Avery Company - Capitalization Grows

Capitalization Grows

In 1900 the company's stock was valued at US$1,000.000. In 1902, Avery purchased the Hannah Wagon Co., and it continued to grow until 1912 when it was valued at US$2,500,000. Cyrus Avery left active management of the company in 1902 and built a new home in Galesburg. In September, 1905, Cyrus M. Avery died. His son George Luzerne Avery had served as his father' secretary, and upon his father's death, was made a director of the company. George's uncle, J. B. Bartholomew, became president.

Avery company made many traction engines, such as the 1907 steam tractor model. At that time steam was the only form of power and the tractor resembled a miniature locomotive. In 1909, Avery began manufacturing gasoline tractors. They shortly gained a reputation for producing huge tractors, including the very large for its day 40 horsepower (30 kW) Avery steam traction engines, weighing 25 short tons (23 t) each. Large tractors were needed across the prairie to turn the virgin sod, from North Dakota to Texas, oftentimes with roots as thick as a man's thumb, into tillable soil. Even teams of 16 horses were not strong enough to pull gang plows through the dense bunch grasses whose roots grew as deep as 6 feet (1.8 m) into the earth.
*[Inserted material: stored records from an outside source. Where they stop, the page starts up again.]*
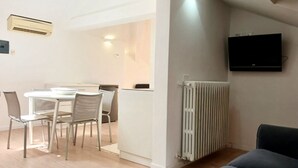 Un salon moderne comprenant un coin repas, un radiateur et un téléviseur fixé au mur.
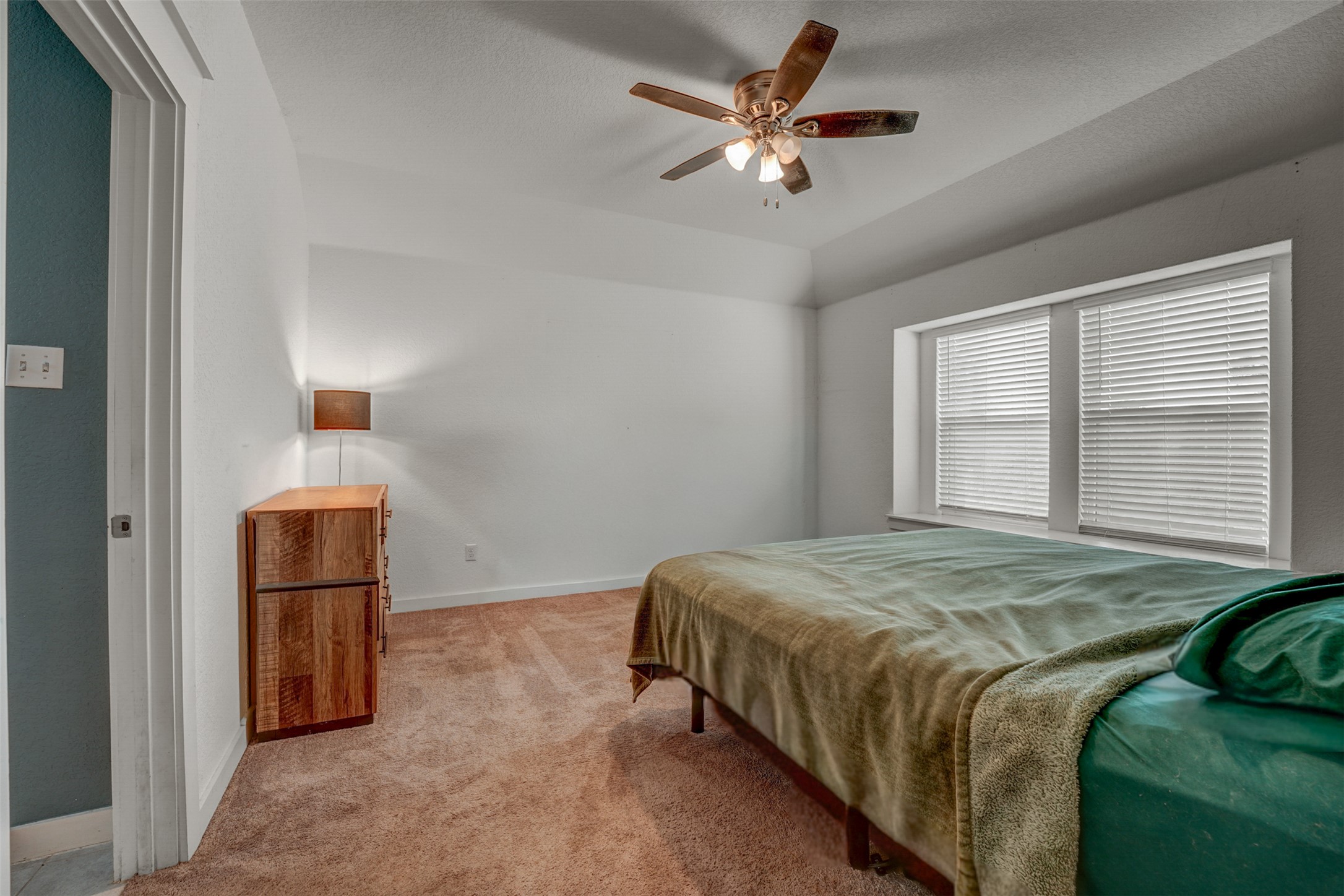 5806 Aviano Road Round Rock, TX 78665 - Photo 21 of 29 Well-lit room provides a peaceful retreat with comfortable carpeting and a ceiling fan.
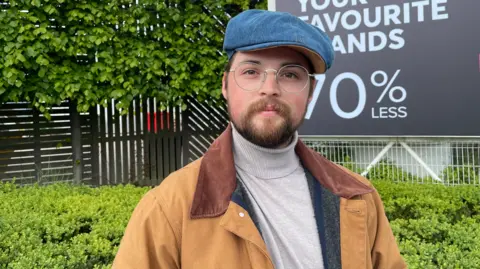 Elizabeth Baines / BBC A man with a blue cap wears a brown jacket. He has silver spectacles and stands infront of a green hedge and a billboard.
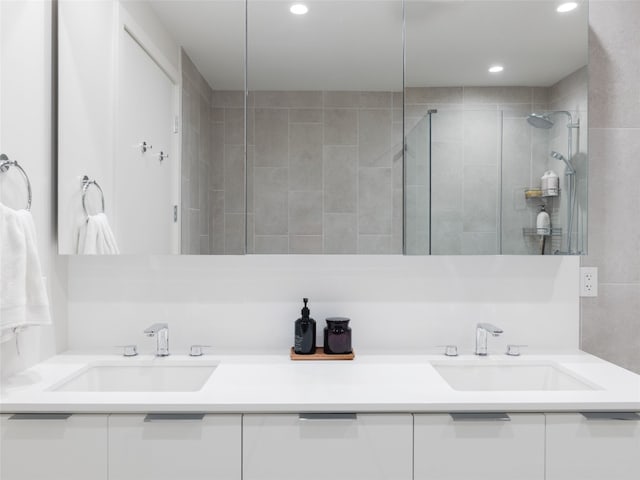 bathroom with a tile shower and vanity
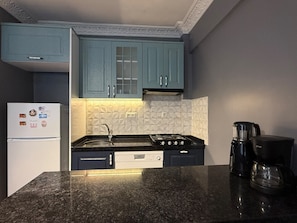 Eine Küche mit türkis-blauen Schränken, einem Gasherd, einem Kühlschrank und einer Kaffeemaschine.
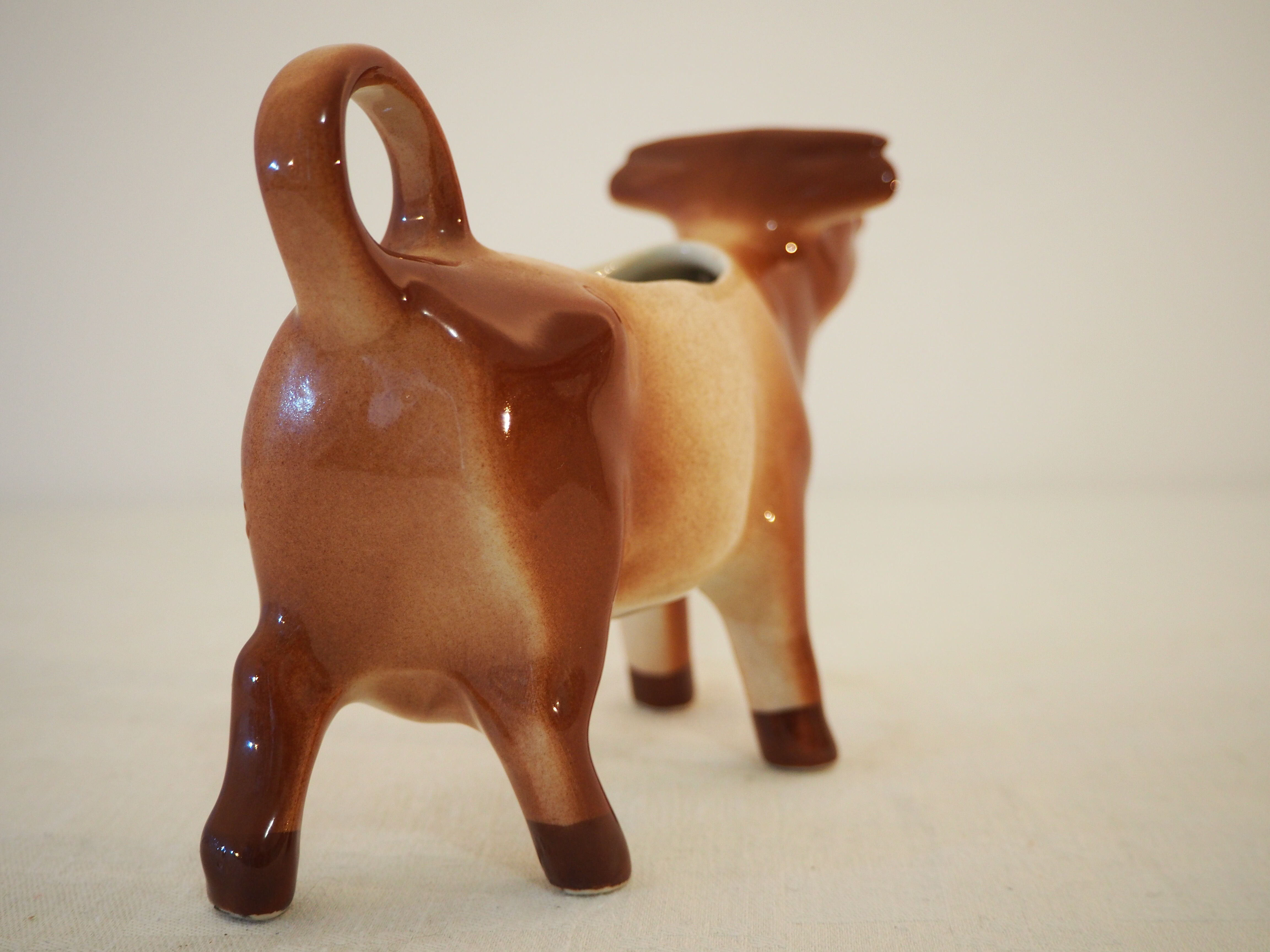 Milk jar in the shape of a vintage ceramic cow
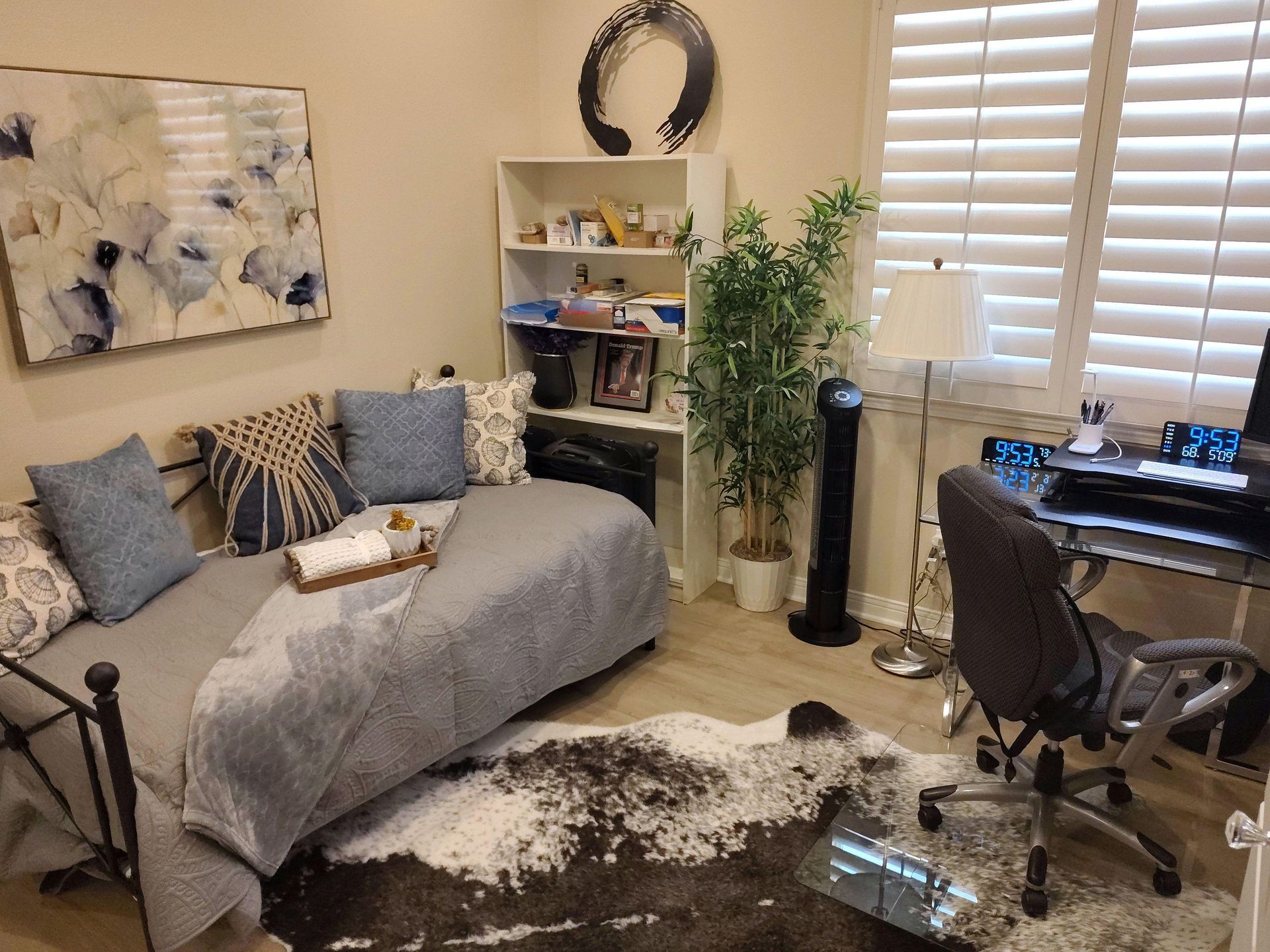 Cozy home office with gray chaise, desk, chair, shelves, plant, and window blinds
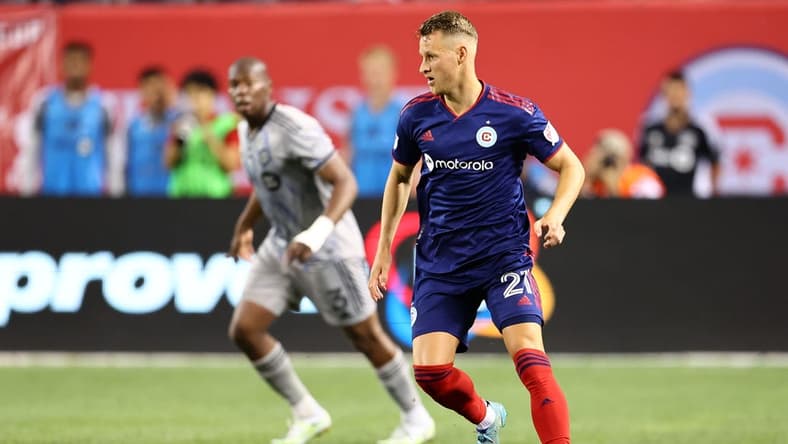 Aug 27, 2022; Chicago, Illinois, USA; Chicago Fire midfielder Fabian Herbers (21) kicks the ball past CF Montreal defender Kamal Miller (3) during the second half at Soldier Field. Mandatory Credit: Mike Dinovo-USA TODAY Sports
The first small steam traction engines, adapted from the design of stationary engines used to thresh wheat and gin cotton, weren’t strong enough and broke down repeatedly.

The competitive landscape changed during that year when the Holt Manufacturing Co. of Stockton, California (later Caterpillar Inc.) arrived in Peoria, purchasing the bankrupt Colean Manufacturing Co., which had manufactured farm implements and steam traction engines across town. Holt established their eastern manufacturing branch there. In the same year, Avery's first tractor was a huge 60 horsepower (45 kW) model with a 12- by 18-inch bore and stroke. The competition included the 15-30 Model O Quincy tractor, made in 1911; the Fairbanks-Morse 15-25 of the same year and the 20-hp International Harvester Company Mogul of 1909. Unfortunately, their first tractor failed to perform, and they pulled it from the 1910 Winnipeg Tractor Demonstration.